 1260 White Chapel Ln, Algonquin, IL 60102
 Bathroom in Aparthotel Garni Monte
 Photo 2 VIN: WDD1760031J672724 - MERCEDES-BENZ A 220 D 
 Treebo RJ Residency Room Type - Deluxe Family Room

+ + + + +

- **YOUR ASSIGNMENT**: Set down the whole of the data, exactly as it stands.

- **SOLVED PROBLEM**:
 1260 White Chapel Ln, Algonquin, IL 60102
 Bathroom in Aparthotel Garni Monte
 Photo 2 VIN: WDD1760031J672724 - MERCEDES-BENZ A 220 D 
 Treebo RJ Residency Room Type - Deluxe Family Room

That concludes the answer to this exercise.